------ DATA EXTRACT ------

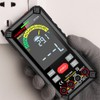 HABOTEST HT129 Intelligent Multimeter Smart Digital Multimeter Color Screen Handheld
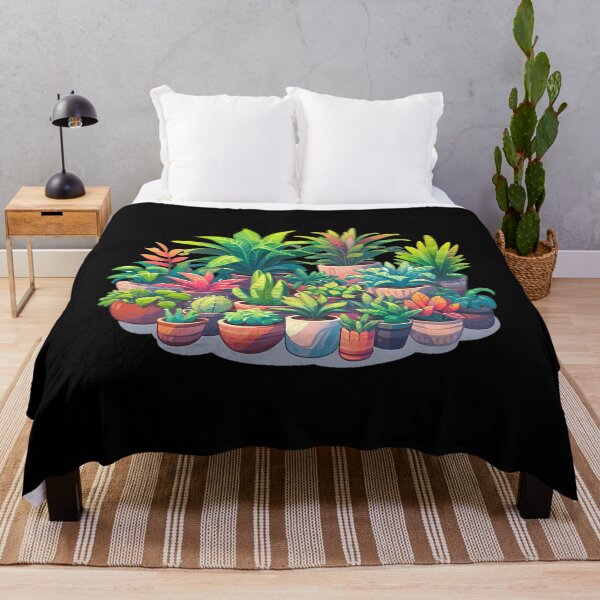 Item preview, Indoor Garden Houseplants Collection designed and sold by lqycnvzxyg3.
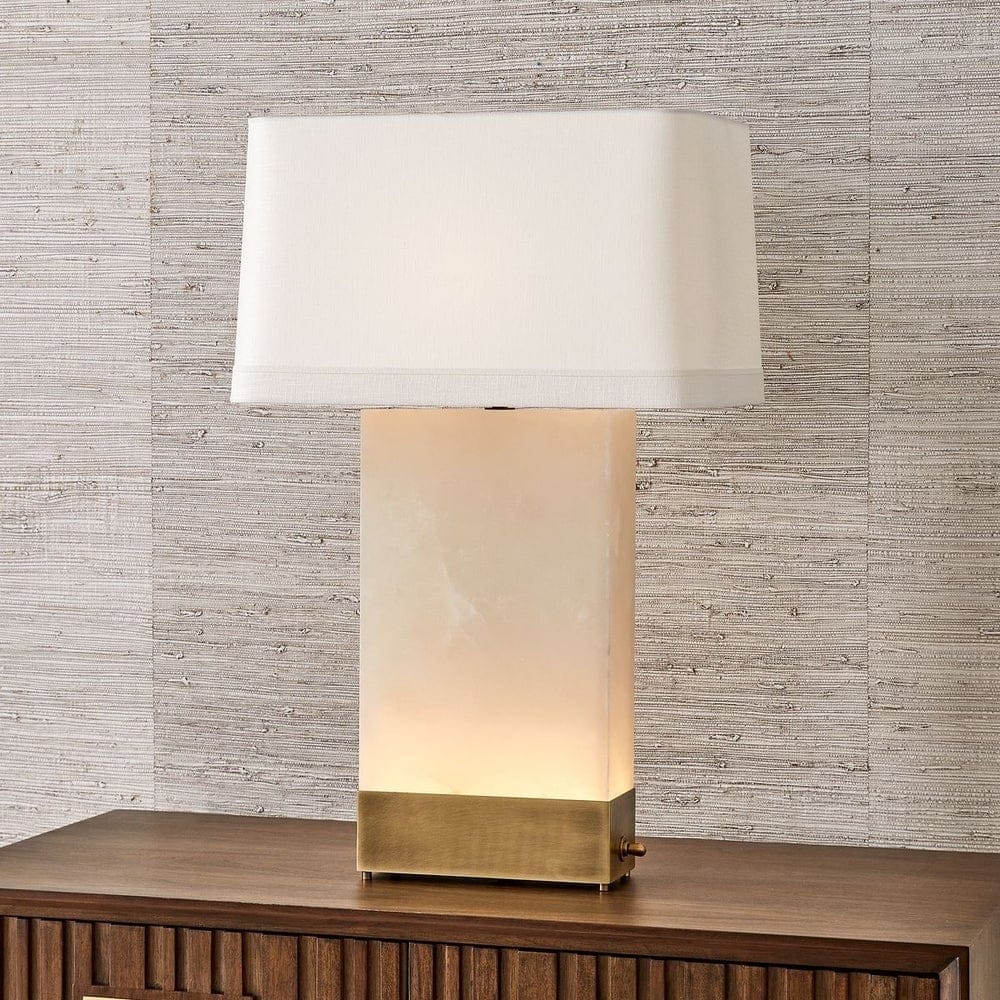 Uttermost Lighting Inner Glow Table Lamp House of Isabella UK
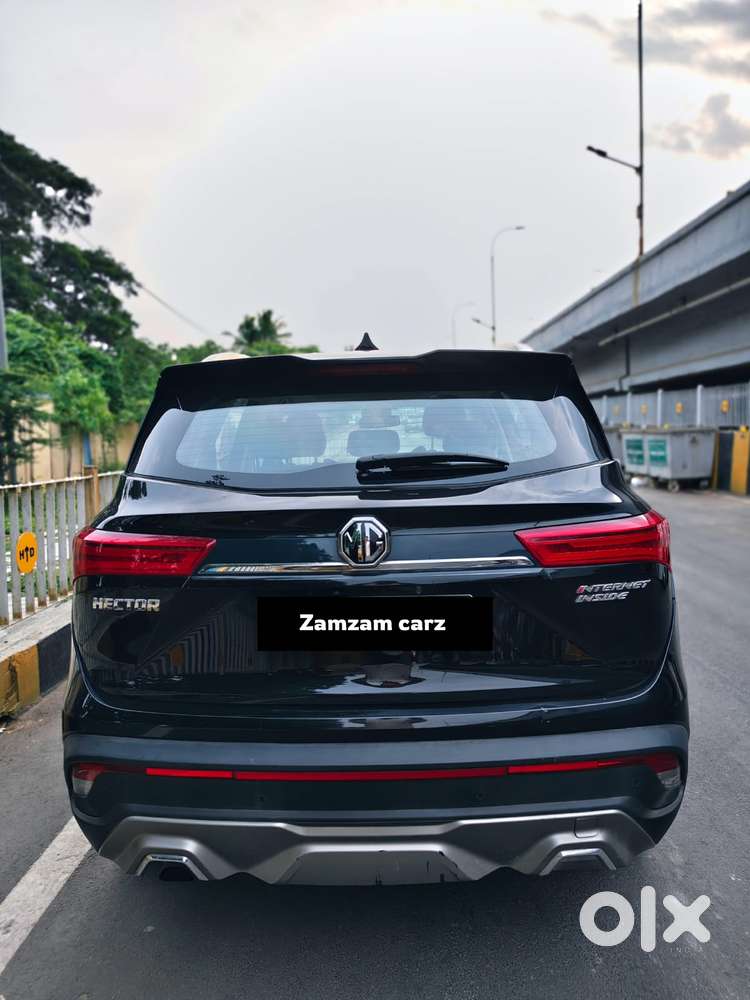 Mg Hector Sharp At, 2021, Diesel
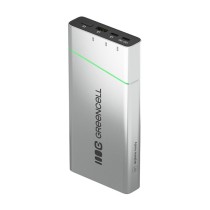 Buy Powerbank Green Cell PowerPlay Ultra 1xUSB-A 2xUSB-C Power Delivery 20800mAh 65W Black in Cyprus, Nicosia, Limassol, Larnaka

------

EXERCISE PROMPT: What the answer needs is every line from the one with "Item preview, Indoor" through the last line of the data, reproduced word for word and with pictures omitted.

THE COMPLETED TASK:
 Item preview, Indoor Garden Houseplants Collection designed and sold by lqycnvzxyg3.
 Uttermost Lighting Inner Glow Table Lamp House of Isabella UK
 Mg Hector Sharp At, 2021, Diesel
 Buy Powerbank Green Cell PowerPlay Ultra 1xUSB-A 2xUSB-C Power Delivery 20800mAh 65W Black in Cyprus, Nicosia, Limassol, Larnaka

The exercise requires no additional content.